12 Dec 2008

David Patrick Carter: Cleaning tolilets, Responding to Criticism

David Patrick Carter: Cleaning toliletsThis morning when I picked up my emails in France there were a series of comments that had been left on my blog from the early hours of the morning. The comments will read were very derogative towards my character. My initial reaction was one of pain, my ego was crying out and then as the initial reaction started to fade I could see a positive way to grow today. Here I have an opportunity to examine my motives behind my life and I make some adjustments.

12 December 2008 01:36
Anonymous said... reasons for humility …
2.you have ABSOLUTELY NO RIGHT to punish those people, in public,and for all to see, by publishing your PERSONAL deepest, darkest thoughts. this is SELFISH.
3. i include your children in this as you are talking about prostitutes, drug-taking, personal abuse, failure, humiliation. Your kids are going to read about this! pull yourself together, man. D.I.G.N.I.T.Y. your kids will read this colossal crap and you have NO excuse.
4.YOU DON'T BELIEVE IN GOD. humility was one of his most important teachings and (please read your own blog for confirmation)you have no humility.anyone and i mean anyone can read the egotistical crap you have written and understand that you are extremely selfish and criminal in your misunderstanding of what it means to be "well". you are mean spirited. the way that you talk about other people (nina-k who ever the fuck that is) is awwwwwwwful!

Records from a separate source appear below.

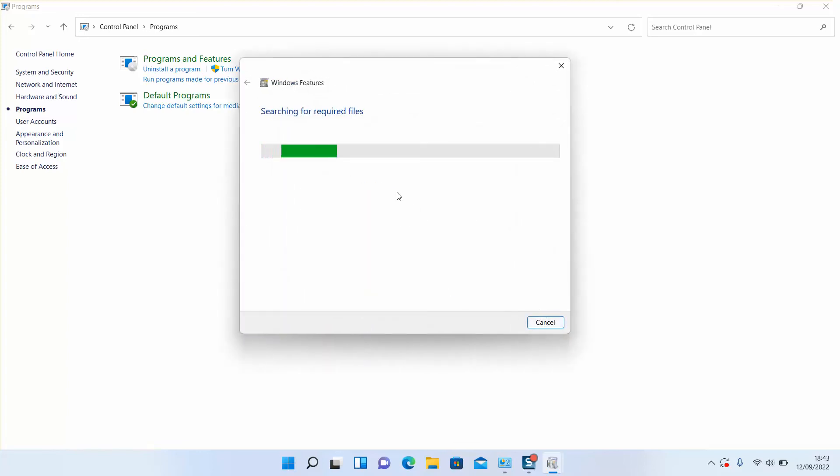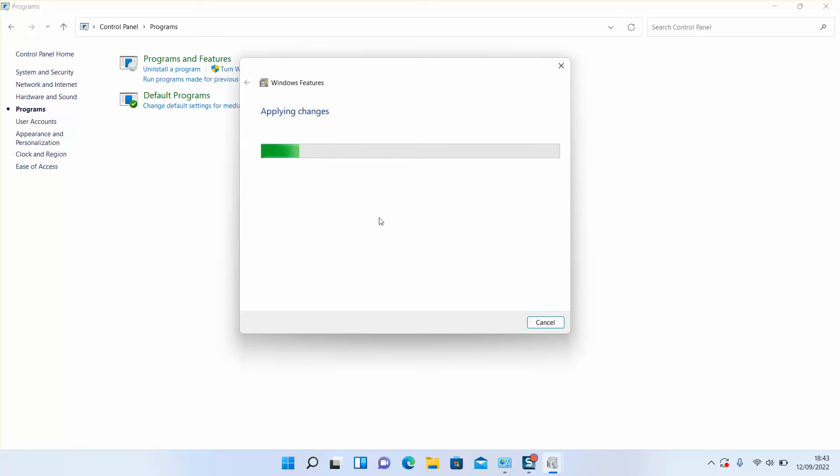Windows will search for required files and soon you will be prompted to restart your computer. Before you click Restart, I invite you to save your work first because you might lose all your work if it's not saved.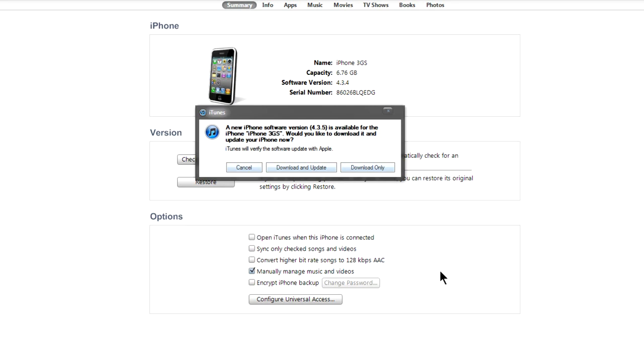Now, some good news: iOS 4.3.5 can be jailbroken using the iOS 4.3.4 jailbreak method. What that means is you can pretty much trick the iPhone or whatever device you have into thinking that you're running on iOS 4.3.4.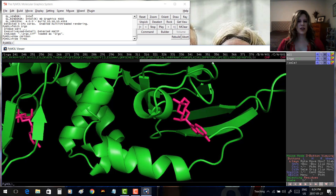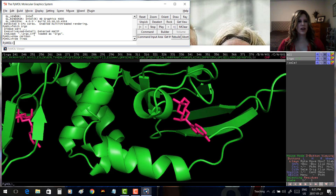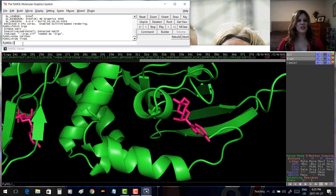Now let's say we're interested only in certain residues, and we'd like to use commands instead. We'll label all of them here, but this would apply if we only wanted certain residues. The command is quite long but gives us exactly what we're looking for, so let's go ahead with it.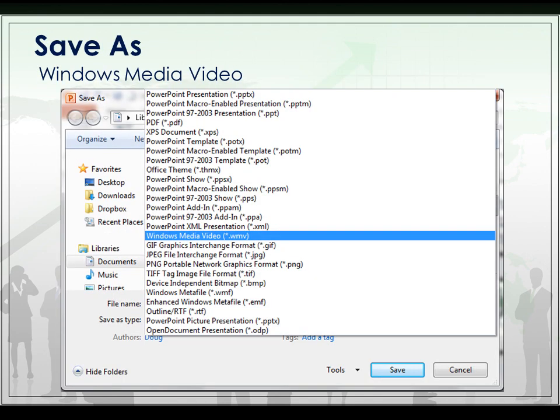Finally, once you are satisfied with your presentation, you want to save it. What we're going to do is click on Save As Windows Media Video File. This will render your file into the video format and you'll be ready to go.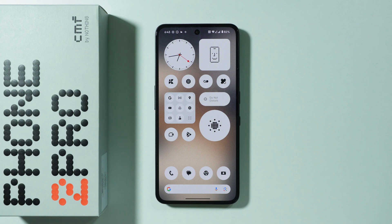If you are wondering if we have pop-up view available on CMF Phone 2 Pro, then the answer is yes, and we have two main ways that allow us to activate floating windows.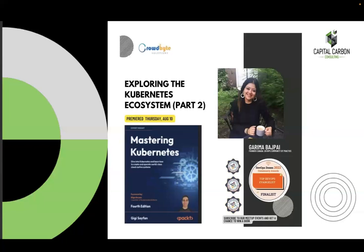Before we get deeper into this topic, I would like to introduce myself. I'm Garima Bajpayee, based out of Ottawa, Canada. I'm the founder for the DevOps Community of Practice here, which has several chapters: Ottawa, Toronto, Edmonton, Montreal, and Atlantic provinces. I highly encourage you to join any of those chapters. I have written a book, Strategizing Continuous Delivery in Cloud, which is out in August. I've also been contributing to courses like Observability Foundation and Site Reliability Foundation, and I've been nominated as DevOps Dozen 2022 Top Evangelist.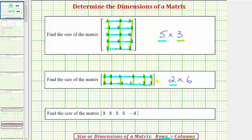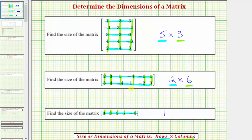And for our last example, notice how we have one row and there are one, two, three, four, five columns. So the size of this matrix is a one by five. The dimensions are one by five — the one indicates one row and the five indicates five columns.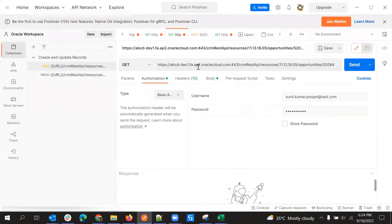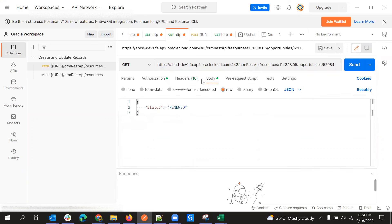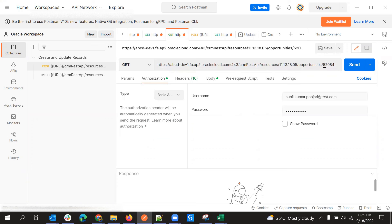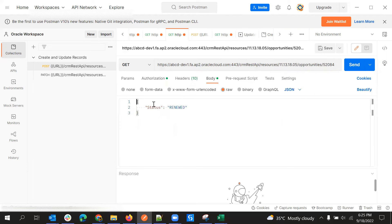Normally we have a URL and an endpoint, and we pass each record in the body and hit send to update that particular record. But what if we have hundreds or thousands of records? We can make the payload dynamic — including environment, object, record number, username, and other values — and construct it all using Postman.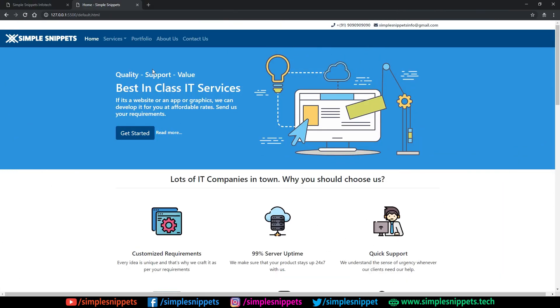Hey, what's going on guys, Tanma here for Simple Snippets and welcome back to the 13th video tutorial of the web development course, wherein we are using the Bootstrap framework along with HTML and CSS to develop a complete portfolio static website right from scratch.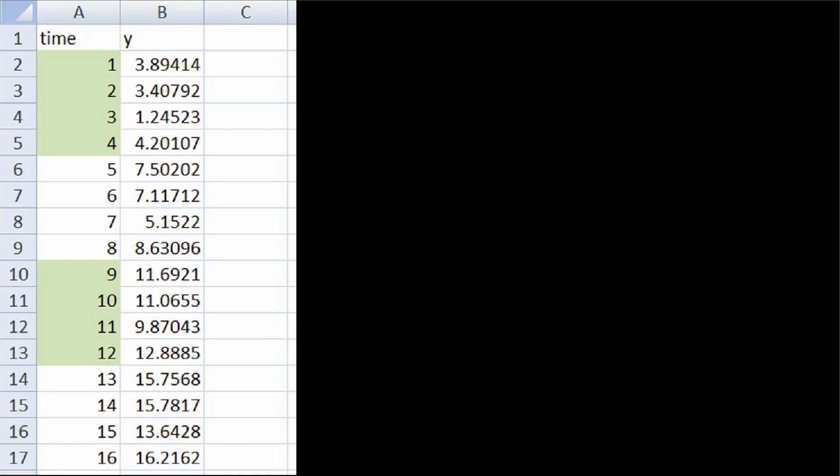The data we have here has the first column which is time, going from 1 through 16. The green just indicates the years. So 1 through 4 is going to be quarter 1, quarter 2, quarter 3, quarter 4 — and that's going to be in year 1. Then 5, 6, 7, and 8 is going to be the first, second, third, and fourth quarter of year 2, and so on.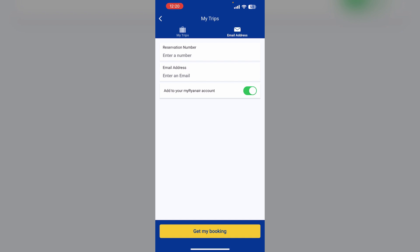Most airlines allow name updates up to 24 hours before departure. After that, name editing is not available, so make sure to proceed accordingly.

Those who forget the past are deemed to repeat it. I am neither ashamed of who I am nor of who I used to be. I strive to become a better person and a loving father. I stand by my decision to be open about my past, and I will not hide behind masks especially for my children. I want them to know who I am not who I want them to believe I am.
I was not rude about Nina K, she is my friend and I admire her. I was making a comment on my relationship with people and with the city of London. London brings out my ego and my ego although necessary will only cause me pain in the long run.

Anonymous said...
5. your music is amateurish at best. BE REAL, DAVE. YOU KNOW WHAT IS GOOD AND BAD? Do you sound like Damien Rice? LISTEN TO YOUR LYRICS? Do you really have a future as a musician??The answer is no. An overwhelming no. You are in France now as a schalet ( spelt wrong) boy. Gettttttttttttttt outtttttttttttttttttt!!!!
6. i want to help you but your arrogance appals me!
Why so angry? I would be really interested in the tracks of mine you have listened to. I love Damian Rice, and I do not claim to be Damian Rice, I am David Patrick Carter, and thats enough right now. I am also not a Chalet Boy, I am a maintenance man and I provide the entertainment on a Tuesday evening in Le Terminus. More importantly this time last year I was shattered in a Rehab in Cape Town and now I building working relationships, working for a company in the mountains, booking gigs and about to record a brand new album. And for me that´s cool. I´m happy.
12 December 2008 01:47
Anonymous said...
if you would like to really get better, i would help you.
my home is yours.
i have a spare bedroom.
i am, unfortunately,
still your friend.
i have THICK skin. punchable, and i am possibly unbeatble in a fight.
and i have taken more drugs than you.
and i am stronger than you, and totally unafraid of you or any man. i have to deal with terror every day the likes of which you have NO comprehension.
i would do it for 1 reason and 1 reason only.
for your kids.

There is hope in this part of the comment. You state you are still my friend! So we were friends before? That´s great, maybe we can be friends again? So who is this, writing the comments? Does it matter? I don´t reflect the anger any more and that´s great. Everything you say about me, you actually feel about yourself. Thank you for the offer of help, that´s very kind and you just never know when I might be calling for assistance.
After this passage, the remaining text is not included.